How This Indian Space Enthusiast Helped NASA Find The Crash Site Of Chandrayaan-2’s Vikram Lander On The Moon
Meet the Indian space enthusiast who helped NASA find the crash site of the Vikram lander on the cratered surface of the moon.
We finally know where Chandrayaan-2’s Vikram lander crashed on the cratered surface of the moon in the pre-dawn hours of 7 September.
National Aeronautics and Space Administration (NASA) said late on Monday that it had spotted the lander’s impact site and its debris in the images captured over the last few months by its Lunar Reconnaissance Orbiter (LRO). NASA managed to do it with help from an Indian engineer, Shanmuga Subramanian.
On 17 September, little over a week after the Indian Space Research Organisation (ISRO) lost contact with the Vikram lander, NASA’s LRO passed over and photographed the area around the point it was supposed to land.
However, at the site, the end of the lunar day, which is equivalent to 14 earth-days, was nearing. This means that, at the landing site, the sun is low on the horizon and it is near dusk in the region.
Moreover, near the lunar south pole, where Vikram was to land (around 71 degree south of the lunar equator), the sun does not rise higher than around 19 degree in the sky. (Sunlight strikes at low angles in these regions of the moon, only skimming the rims of craters and leaving the interiors cold in shadow.)
These conditions created long shadows on the surface, covering the lander.
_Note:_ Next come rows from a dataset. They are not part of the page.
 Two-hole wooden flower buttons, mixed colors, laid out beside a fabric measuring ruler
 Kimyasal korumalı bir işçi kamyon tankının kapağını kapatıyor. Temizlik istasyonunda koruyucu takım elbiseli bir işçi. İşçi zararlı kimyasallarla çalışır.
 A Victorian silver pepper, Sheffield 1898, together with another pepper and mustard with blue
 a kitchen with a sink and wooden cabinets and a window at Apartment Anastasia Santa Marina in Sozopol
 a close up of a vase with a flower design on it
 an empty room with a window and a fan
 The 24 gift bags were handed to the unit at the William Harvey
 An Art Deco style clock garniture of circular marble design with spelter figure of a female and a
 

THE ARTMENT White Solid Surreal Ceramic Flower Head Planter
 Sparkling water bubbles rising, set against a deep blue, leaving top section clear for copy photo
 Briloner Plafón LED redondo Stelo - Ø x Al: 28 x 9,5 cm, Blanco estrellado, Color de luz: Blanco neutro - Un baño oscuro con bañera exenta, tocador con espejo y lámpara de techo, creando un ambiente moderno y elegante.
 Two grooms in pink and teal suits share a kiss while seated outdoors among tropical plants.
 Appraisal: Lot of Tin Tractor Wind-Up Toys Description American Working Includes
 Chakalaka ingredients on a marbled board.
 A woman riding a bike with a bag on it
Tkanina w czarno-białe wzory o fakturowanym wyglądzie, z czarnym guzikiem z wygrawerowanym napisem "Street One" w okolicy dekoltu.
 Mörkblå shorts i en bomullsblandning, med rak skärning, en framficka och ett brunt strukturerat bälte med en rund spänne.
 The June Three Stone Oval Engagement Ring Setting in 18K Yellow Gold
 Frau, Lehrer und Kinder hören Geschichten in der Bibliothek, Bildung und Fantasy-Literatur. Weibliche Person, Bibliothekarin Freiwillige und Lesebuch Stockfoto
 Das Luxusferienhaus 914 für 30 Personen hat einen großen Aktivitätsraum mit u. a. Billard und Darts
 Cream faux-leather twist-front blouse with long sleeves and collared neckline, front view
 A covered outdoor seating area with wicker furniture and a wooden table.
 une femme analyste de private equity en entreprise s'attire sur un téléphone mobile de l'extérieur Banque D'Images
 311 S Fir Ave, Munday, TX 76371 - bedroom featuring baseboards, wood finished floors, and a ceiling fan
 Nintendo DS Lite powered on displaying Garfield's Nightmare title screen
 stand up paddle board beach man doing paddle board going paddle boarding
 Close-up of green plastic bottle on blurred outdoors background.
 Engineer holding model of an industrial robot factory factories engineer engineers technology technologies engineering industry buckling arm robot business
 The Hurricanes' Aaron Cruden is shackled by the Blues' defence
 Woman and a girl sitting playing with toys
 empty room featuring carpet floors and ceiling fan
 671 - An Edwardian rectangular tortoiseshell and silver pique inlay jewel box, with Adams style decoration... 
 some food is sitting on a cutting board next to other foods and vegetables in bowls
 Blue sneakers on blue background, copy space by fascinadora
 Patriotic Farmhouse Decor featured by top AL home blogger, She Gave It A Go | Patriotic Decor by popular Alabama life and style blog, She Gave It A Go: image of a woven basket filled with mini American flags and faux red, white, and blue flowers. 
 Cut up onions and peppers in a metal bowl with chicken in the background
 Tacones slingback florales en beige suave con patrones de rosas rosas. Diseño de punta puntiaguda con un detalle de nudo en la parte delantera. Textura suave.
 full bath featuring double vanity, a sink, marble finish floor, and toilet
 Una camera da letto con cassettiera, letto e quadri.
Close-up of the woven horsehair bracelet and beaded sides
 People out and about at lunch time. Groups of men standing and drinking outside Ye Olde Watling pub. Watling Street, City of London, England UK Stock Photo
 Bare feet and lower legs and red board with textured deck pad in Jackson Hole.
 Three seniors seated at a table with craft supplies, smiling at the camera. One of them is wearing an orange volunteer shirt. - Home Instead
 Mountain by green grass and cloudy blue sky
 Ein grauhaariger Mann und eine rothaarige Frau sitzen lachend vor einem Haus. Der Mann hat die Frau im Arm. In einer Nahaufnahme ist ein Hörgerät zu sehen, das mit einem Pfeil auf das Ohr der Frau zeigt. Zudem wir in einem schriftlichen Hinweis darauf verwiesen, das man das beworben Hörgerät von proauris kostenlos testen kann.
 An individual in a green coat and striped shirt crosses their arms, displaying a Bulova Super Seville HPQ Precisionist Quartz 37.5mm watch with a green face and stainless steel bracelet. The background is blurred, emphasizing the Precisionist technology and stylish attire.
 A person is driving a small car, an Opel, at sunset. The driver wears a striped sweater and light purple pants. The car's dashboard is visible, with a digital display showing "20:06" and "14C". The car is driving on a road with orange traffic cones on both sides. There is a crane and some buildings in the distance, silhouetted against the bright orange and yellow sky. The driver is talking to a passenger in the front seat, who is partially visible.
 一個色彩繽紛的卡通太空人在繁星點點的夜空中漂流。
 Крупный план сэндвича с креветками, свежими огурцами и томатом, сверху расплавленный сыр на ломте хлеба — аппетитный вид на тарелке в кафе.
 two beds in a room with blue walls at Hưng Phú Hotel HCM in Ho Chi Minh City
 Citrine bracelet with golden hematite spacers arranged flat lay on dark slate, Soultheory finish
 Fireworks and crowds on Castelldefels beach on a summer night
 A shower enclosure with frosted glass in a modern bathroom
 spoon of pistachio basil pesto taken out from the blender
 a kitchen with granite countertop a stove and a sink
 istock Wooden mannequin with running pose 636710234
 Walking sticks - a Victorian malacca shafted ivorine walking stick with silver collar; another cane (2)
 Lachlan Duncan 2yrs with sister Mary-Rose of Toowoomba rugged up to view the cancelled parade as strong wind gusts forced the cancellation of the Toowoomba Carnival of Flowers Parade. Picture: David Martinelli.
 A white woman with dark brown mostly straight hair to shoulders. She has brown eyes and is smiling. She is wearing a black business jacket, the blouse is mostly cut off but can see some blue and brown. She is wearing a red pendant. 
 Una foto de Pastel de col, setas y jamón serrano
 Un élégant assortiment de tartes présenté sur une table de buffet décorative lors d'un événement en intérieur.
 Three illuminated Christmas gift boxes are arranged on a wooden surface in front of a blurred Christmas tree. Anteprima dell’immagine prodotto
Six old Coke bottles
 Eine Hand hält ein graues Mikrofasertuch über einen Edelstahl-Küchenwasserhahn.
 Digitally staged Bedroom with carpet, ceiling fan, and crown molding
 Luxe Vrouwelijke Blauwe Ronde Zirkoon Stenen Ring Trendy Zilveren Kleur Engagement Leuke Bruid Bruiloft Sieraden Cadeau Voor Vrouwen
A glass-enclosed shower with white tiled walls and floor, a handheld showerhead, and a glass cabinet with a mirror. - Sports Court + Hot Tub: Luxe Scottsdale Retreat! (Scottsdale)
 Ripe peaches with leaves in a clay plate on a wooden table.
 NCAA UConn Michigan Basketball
As a result, LRO couldn’t capture the details it could have otherwise, and NASA was unable to spot the Vikram lander on the surface of the moon.
NASA released the first set of pictures on 26 September. Many, including Subramanian, a mechanical engineer based in Chennai, immediately got to work.
“It was something challenging as even NASA couldn’t find out. So why can't we try out? And that's the thought that led me to search for Vikram lander,” he told Swarajya soon after NASA named him in its press release.
A graduate of the Government College of Engineering in Tamil Nadu’s Tirunelveli district, Subramanian works for an “L & IT Architect” in Chennai.
“I am crazy about rockets from my childhood and never missed watching a rocket launch on television until I reached college. That got interested and hooked me in space exploration always,” he wrote in an email.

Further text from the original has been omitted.